▶ [DIRECTIONS]
As an exercise, transcribe the data below in full and exactly, omitting pictures.

(Image-text web data)

+--

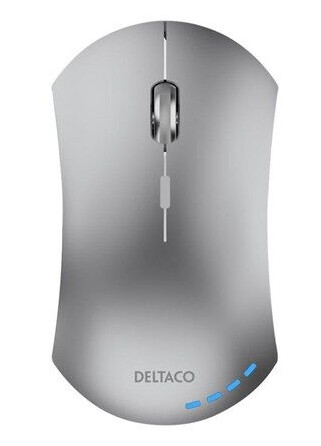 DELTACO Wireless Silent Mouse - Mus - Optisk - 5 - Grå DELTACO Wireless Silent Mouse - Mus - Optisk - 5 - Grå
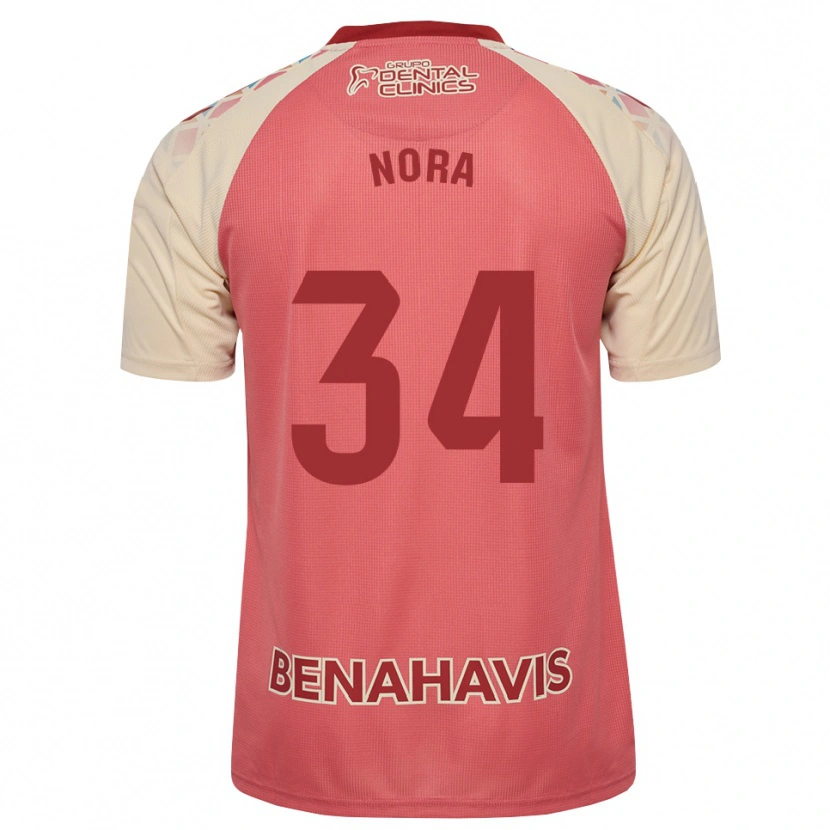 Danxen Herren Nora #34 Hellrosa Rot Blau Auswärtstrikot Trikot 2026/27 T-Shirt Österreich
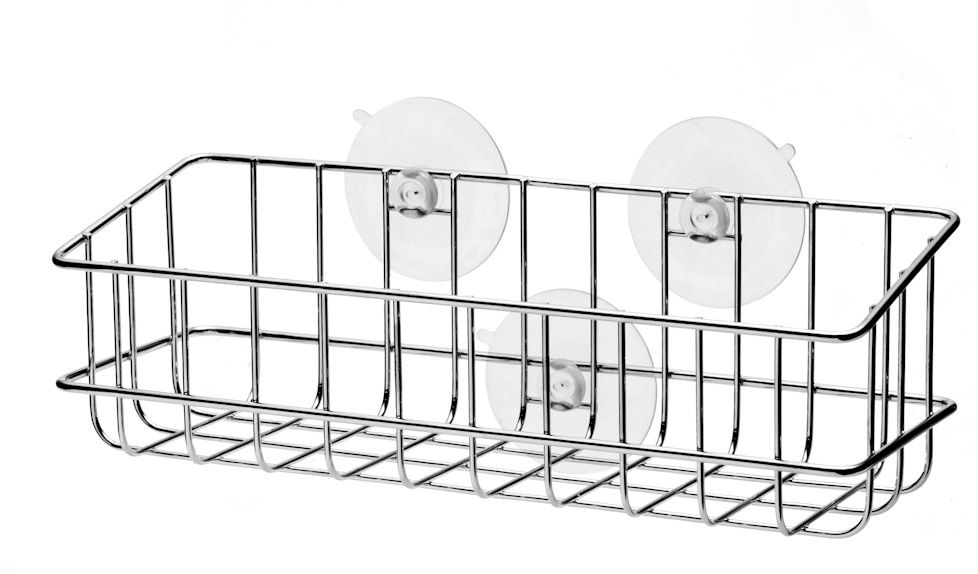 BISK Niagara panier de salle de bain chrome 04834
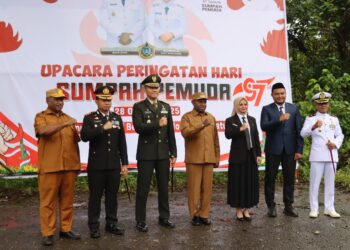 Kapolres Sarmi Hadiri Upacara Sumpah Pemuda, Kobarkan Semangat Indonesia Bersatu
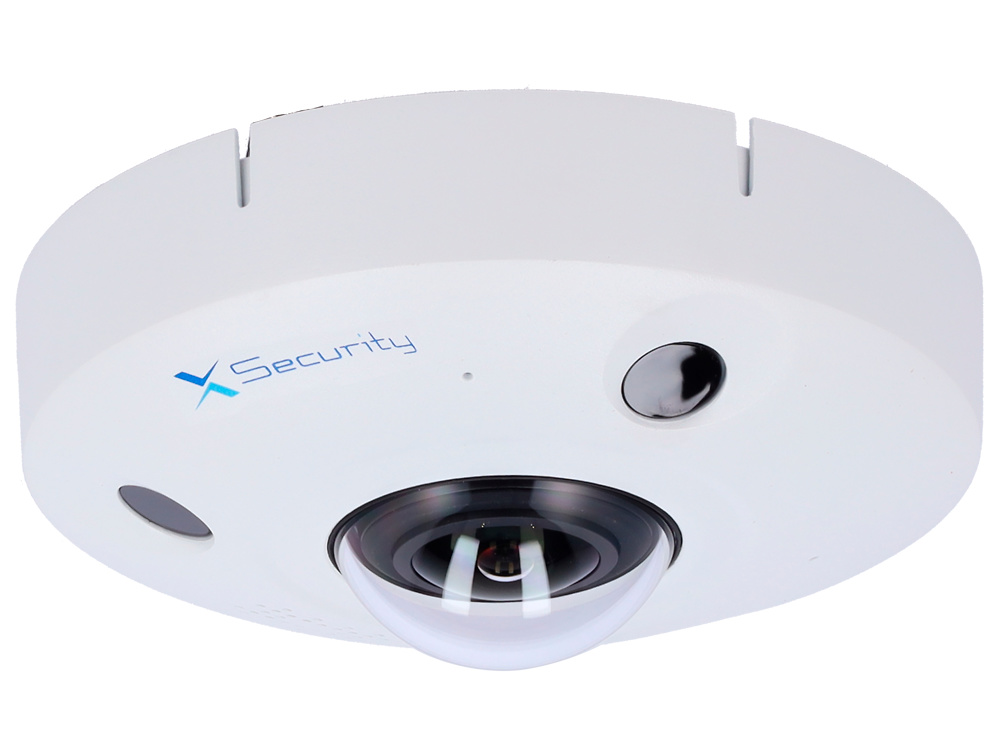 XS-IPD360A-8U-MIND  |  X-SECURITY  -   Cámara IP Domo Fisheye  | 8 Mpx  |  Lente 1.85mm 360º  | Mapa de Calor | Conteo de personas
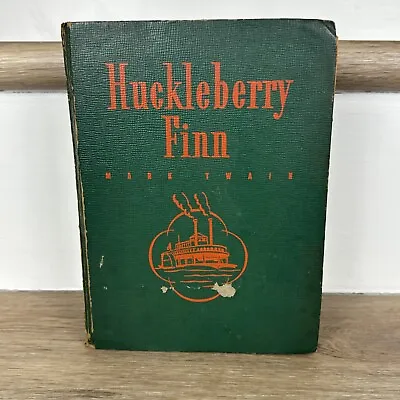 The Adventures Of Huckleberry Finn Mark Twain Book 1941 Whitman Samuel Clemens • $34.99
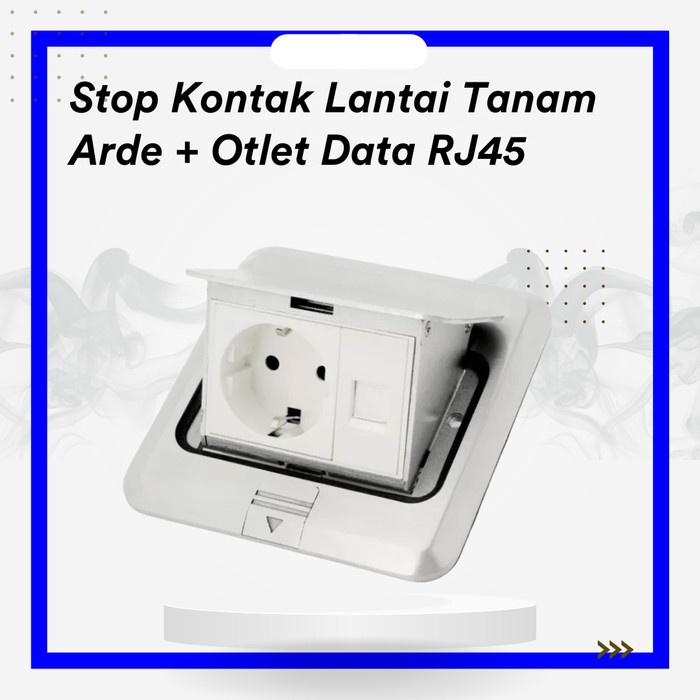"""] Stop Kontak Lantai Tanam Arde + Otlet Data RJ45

+--

▶ [FINISHED EXERCISE]
 DELTACO Wireless Silent Mouse - Mus - Optisk - 5 - Grå DELTACO Wireless Silent Mouse - Mus - Optisk - 5 - Grå
 Danxen Herren Nora #34 Hellrosa Rot Blau Auswärtstrikot Trikot 2026/27 T-Shirt Österreich
 BISK Niagara panier de salle de bain chrome 04834
 Kapolres Sarmi Hadiri Upacara Sumpah Pemuda, Kobarkan Semangat Indonesia Bersatu
 XS-IPD360A-8U-MIND  |  X-SECURITY  -   Cámara IP Domo Fisheye  | 8 Mpx  |  Lente 1.85mm 360º  | Mapa de Calor | Conteo de personas
 The Adventures Of Huckleberry Finn Mark Twain Book 1941 Whitman Samuel Clemens • $34.99
"""] Stop Kontak Lantai Tanam Arde + Otlet Data RJ45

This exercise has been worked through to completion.